- **Exercise inputs**:
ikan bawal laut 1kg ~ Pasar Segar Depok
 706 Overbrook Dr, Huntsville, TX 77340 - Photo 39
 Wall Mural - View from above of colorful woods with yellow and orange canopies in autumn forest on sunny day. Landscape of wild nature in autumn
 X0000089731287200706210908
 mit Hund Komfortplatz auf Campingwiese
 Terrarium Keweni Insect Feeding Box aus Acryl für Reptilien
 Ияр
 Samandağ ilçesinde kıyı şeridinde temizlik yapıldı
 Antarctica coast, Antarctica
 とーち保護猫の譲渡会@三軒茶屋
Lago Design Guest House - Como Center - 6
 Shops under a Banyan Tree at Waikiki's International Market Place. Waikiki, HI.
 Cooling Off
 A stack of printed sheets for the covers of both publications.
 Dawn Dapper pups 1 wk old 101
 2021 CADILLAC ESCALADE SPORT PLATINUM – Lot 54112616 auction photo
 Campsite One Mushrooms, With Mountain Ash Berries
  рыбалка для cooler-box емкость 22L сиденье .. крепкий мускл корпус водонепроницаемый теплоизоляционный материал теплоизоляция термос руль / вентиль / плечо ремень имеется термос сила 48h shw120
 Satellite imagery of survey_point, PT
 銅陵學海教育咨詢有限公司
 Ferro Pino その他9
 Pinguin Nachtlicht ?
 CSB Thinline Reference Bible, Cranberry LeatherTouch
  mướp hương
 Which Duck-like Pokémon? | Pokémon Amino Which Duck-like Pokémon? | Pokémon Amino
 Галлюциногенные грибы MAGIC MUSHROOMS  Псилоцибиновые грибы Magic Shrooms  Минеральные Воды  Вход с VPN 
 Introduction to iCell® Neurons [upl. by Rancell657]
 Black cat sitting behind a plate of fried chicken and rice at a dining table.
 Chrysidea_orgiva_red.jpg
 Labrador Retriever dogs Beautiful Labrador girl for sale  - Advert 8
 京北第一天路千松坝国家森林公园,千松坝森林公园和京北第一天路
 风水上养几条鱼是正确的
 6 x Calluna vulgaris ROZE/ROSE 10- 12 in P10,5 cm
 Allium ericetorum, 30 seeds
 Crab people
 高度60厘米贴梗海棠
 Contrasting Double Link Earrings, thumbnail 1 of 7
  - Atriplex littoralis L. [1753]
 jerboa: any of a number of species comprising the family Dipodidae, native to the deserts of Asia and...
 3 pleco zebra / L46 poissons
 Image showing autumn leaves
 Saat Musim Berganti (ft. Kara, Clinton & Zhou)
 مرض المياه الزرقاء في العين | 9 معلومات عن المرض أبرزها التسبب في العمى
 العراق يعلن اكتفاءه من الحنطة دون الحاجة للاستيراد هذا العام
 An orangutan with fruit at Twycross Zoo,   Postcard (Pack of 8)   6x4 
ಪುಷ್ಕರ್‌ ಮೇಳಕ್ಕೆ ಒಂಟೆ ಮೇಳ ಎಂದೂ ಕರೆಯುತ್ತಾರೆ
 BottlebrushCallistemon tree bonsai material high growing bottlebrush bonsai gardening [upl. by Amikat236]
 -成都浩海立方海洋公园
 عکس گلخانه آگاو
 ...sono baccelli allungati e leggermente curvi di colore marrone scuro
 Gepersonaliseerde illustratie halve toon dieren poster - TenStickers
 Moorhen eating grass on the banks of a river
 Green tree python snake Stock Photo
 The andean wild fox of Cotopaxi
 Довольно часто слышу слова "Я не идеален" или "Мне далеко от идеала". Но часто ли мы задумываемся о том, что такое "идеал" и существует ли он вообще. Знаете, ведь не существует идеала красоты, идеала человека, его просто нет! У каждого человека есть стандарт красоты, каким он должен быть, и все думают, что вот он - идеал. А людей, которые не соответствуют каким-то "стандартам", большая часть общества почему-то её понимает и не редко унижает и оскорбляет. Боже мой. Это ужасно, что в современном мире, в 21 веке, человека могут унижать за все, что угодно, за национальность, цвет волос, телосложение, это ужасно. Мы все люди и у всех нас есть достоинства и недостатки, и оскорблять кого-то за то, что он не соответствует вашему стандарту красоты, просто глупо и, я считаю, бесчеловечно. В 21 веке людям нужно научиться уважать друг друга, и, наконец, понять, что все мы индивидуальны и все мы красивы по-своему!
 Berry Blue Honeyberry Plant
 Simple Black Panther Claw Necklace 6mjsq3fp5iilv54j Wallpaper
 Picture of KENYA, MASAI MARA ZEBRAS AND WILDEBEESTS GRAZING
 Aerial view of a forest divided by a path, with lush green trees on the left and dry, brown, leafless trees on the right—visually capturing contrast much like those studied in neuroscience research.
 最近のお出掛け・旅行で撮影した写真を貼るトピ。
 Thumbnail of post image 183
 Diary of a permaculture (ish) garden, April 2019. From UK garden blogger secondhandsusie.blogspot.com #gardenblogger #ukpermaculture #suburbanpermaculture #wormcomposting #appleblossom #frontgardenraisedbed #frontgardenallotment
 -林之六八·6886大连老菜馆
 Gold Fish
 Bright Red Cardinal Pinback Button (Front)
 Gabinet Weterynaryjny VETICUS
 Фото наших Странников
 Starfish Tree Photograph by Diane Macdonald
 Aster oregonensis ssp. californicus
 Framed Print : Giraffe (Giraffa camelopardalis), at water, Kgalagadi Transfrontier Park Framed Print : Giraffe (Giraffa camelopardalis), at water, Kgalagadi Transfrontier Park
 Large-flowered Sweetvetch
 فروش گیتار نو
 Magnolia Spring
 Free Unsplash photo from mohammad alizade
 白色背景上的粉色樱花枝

- **Problem to work on**:
Retype, exactly and with nothing added, the lines of the material above from the first through the one that contains "Image showing autumn leaves".

- **Written solution**:
ikan bawal laut 1kg ~ Pasar Segar Depok
 706 Overbrook Dr, Huntsville, TX 77340 - Photo 39
 Wall Mural - View from above of colorful woods with yellow and orange canopies in autumn forest on sunny day. Landscape of wild nature in autumn
 X0000089731287200706210908
 mit Hund Komfortplatz auf Campingwiese
 Terrarium Keweni Insect Feeding Box aus Acryl für Reptilien
 Ияр
 Samandağ ilçesinde kıyı şeridinde temizlik yapıldı
 Antarctica coast, Antarctica
 とーち保護猫の譲渡会@三軒茶屋
Lago Design Guest House - Como Center - 6
 Shops under a Banyan Tree at Waikiki's International Market Place. Waikiki, HI.
 Cooling Off
 A stack of printed sheets for the covers of both publications.
 Dawn Dapper pups 1 wk old 101
 2021 CADILLAC ESCALADE SPORT PLATINUM – Lot 54112616 auction photo
 Campsite One Mushrooms, With Mountain Ash Berries
  рыбалка для cooler-box емкость 22L сиденье .. крепкий мускл корпус водонепроницаемый теплоизоляционный материал теплоизоляция термос руль / вентиль / плечо ремень имеется термос сила 48h shw120
 Satellite imagery of survey_point, PT
 銅陵學海教育咨詢有限公司
 Ferro Pino その他9
 Pinguin Nachtlicht ?
 CSB Thinline Reference Bible, Cranberry LeatherTouch
  mướp hương
 Which Duck-like Pokémon? | Pokémon Amino Which Duck-like Pokémon? | Pokémon Amino
 Галлюциногенные грибы MAGIC MUSHROOMS  Псилоцибиновые грибы Magic Shrooms  Минеральные Воды  Вход с VPN 
 Introduction to iCell® Neurons [upl. by Rancell657]
 Black cat sitting behind a plate of fried chicken and rice at a dining table.
 Chrysidea_orgiva_red.jpg
 Labrador Retriever dogs Beautiful Labrador girl for sale  - Advert 8
 京北第一天路千松坝国家森林公园,千松坝森林公园和京北第一天路
 风水上养几条鱼是正确的
 6 x Calluna vulgaris ROZE/ROSE 10- 12 in P10,5 cm
 Allium ericetorum, 30 seeds
 Crab people
 高度60厘米贴梗海棠
 Contrasting Double Link Earrings, thumbnail 1 of 7
  - Atriplex littoralis L. [1753]
 jerboa: any of a number of species comprising the family Dipodidae, native to the deserts of Asia and...
 3 pleco zebra / L46 poissons
 Image showing autumn leaves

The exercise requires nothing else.